Satterfield argues further that 0 C is an important number.
"Strange things happen on our planet when the temperature reaches the freezing point of water at standard pressure," he explained. "Lakes freeze, roads sometimes get very icy and Boston gets buried in ice crystals,so a case can be made that freezing is by far the MOST important temperature. Let’s make it an easy number to remember, like say ZERO!"
In Canada, metrication started happening in the 70s. The change to Celsius from Fahrenheit didn't occur until April 1975.

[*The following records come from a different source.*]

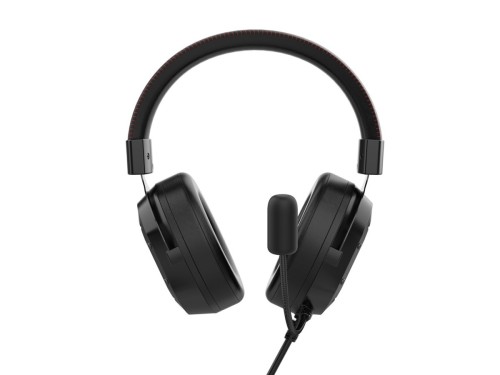 Conceptronic ATHAN02B słuchawki/zestaw słuchawkowy Przewodowa Opaska na głowę Gaming USB Typu-A Czarny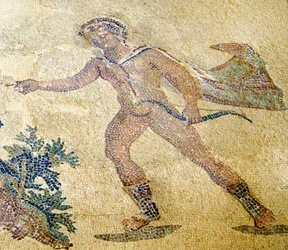 Apollo and Daphne, Detail of Apollo, House of Dionysos, Paphos, Cyprus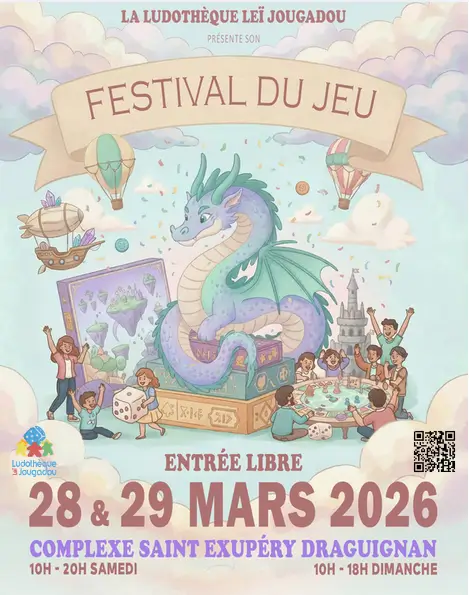 Affiche officielle Festival du jeu de Draguignan 2026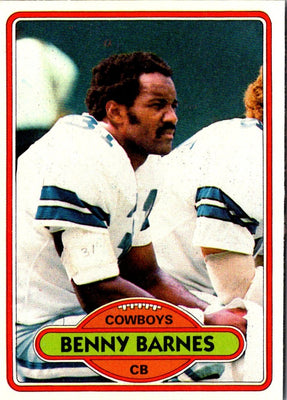 1980 Topps Benny Barnes #393 Rookie NM-MT
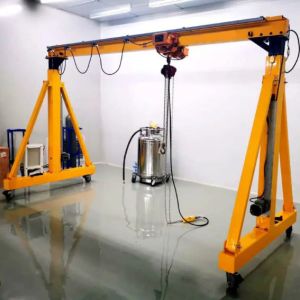 Buy cheap 380V 50Hz 3Ph  Workshop Portable Gantry Crane Differ Height 2m-10m Span from wholesalers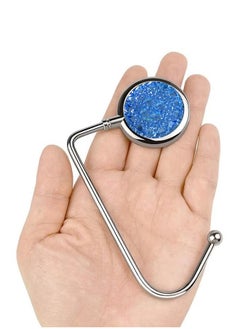 Realfrog 2Pack Handbag Purse Hanger Hooks for Table Portable Crystal Diamond Mini Duty Metal Bag  - Image 4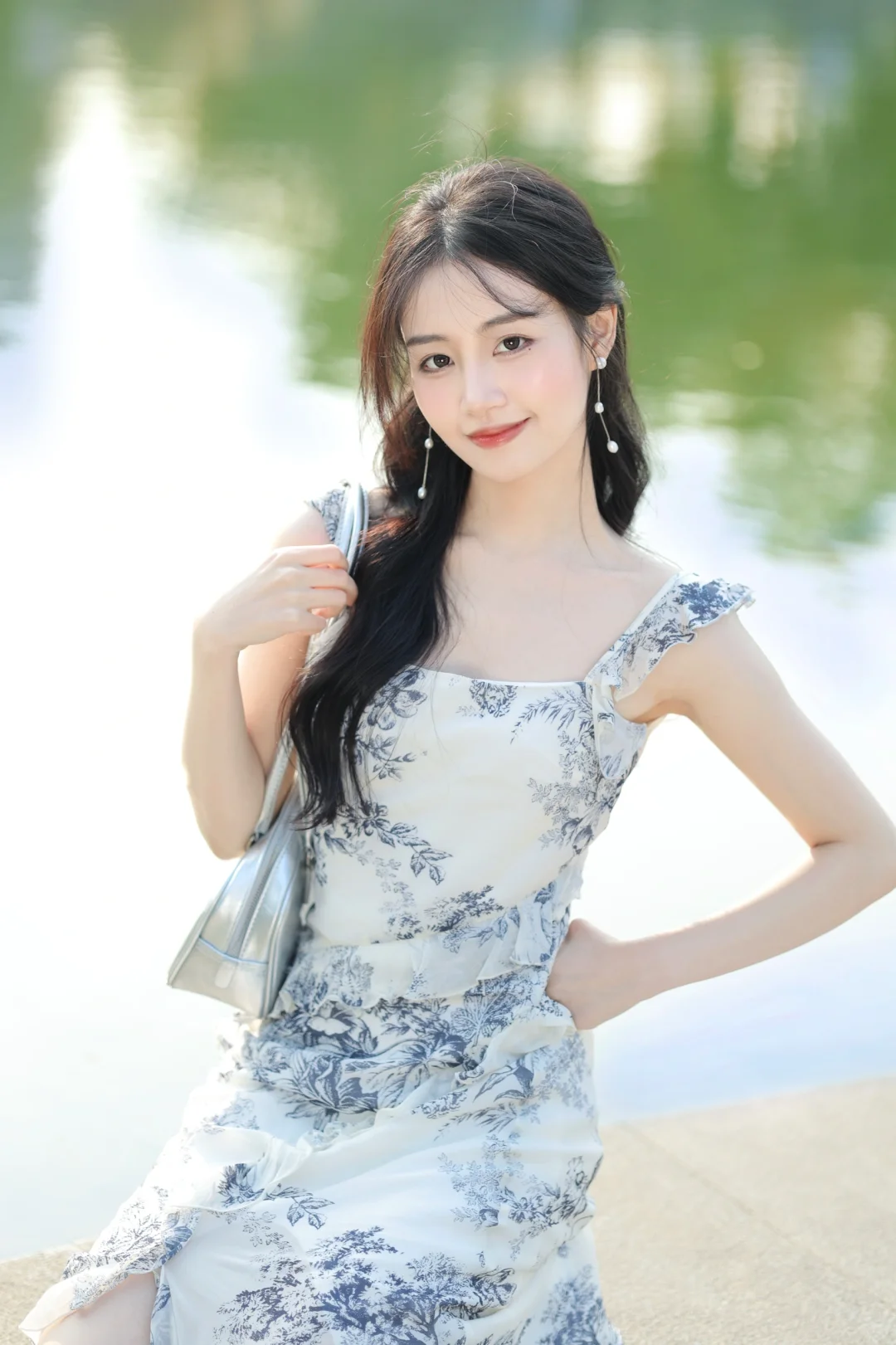 清冷温柔🍃穿上就是行走的水墨画~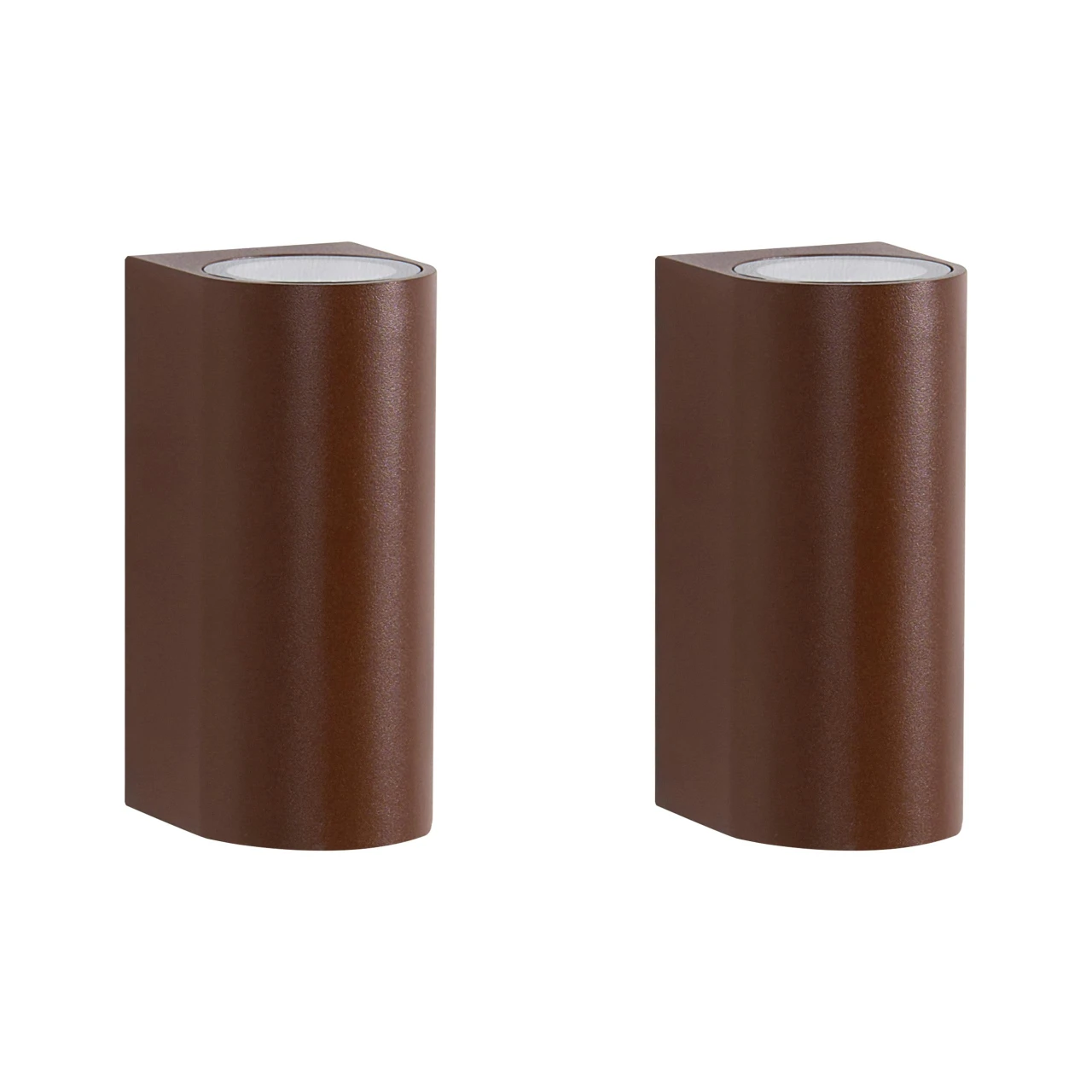 Conjunto de 2 candeeiros de parede LED para exterior LAZARO Castanho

Fahrenheit vs Celsius pic.twitter.com/Cwt3JMto6k— Facts (@facts_weird) March 22, 2015
The Weather Network's Brett Soderholm isn't shy about which scale he prefers.
"I refuse to acknowledge a temperature scale that is only used by five of all the countries in the world," Soderholm joked.
He recognizes that Fahrenheit has its advantages.
"One of the advantages is that it has a bigger perceived difference," Soderholm explains. "The difference between -20 and 110 is 130 degrees whereas the equivalent in Celsius about 70 degrees."
But ultimately, Celsius is easier to understand for more people.
"The fact that 0 is the freezing point makes it easier to figure out if you should expect it to be too cold or not, as opposed to 32 F," he said. "It's a lot more intuitive."
But ultimately if you find yourself in the middle of the debate there might be a perfect temperature for you.
"A fun little quirk is that the scales are the same at -40," Soderholm said.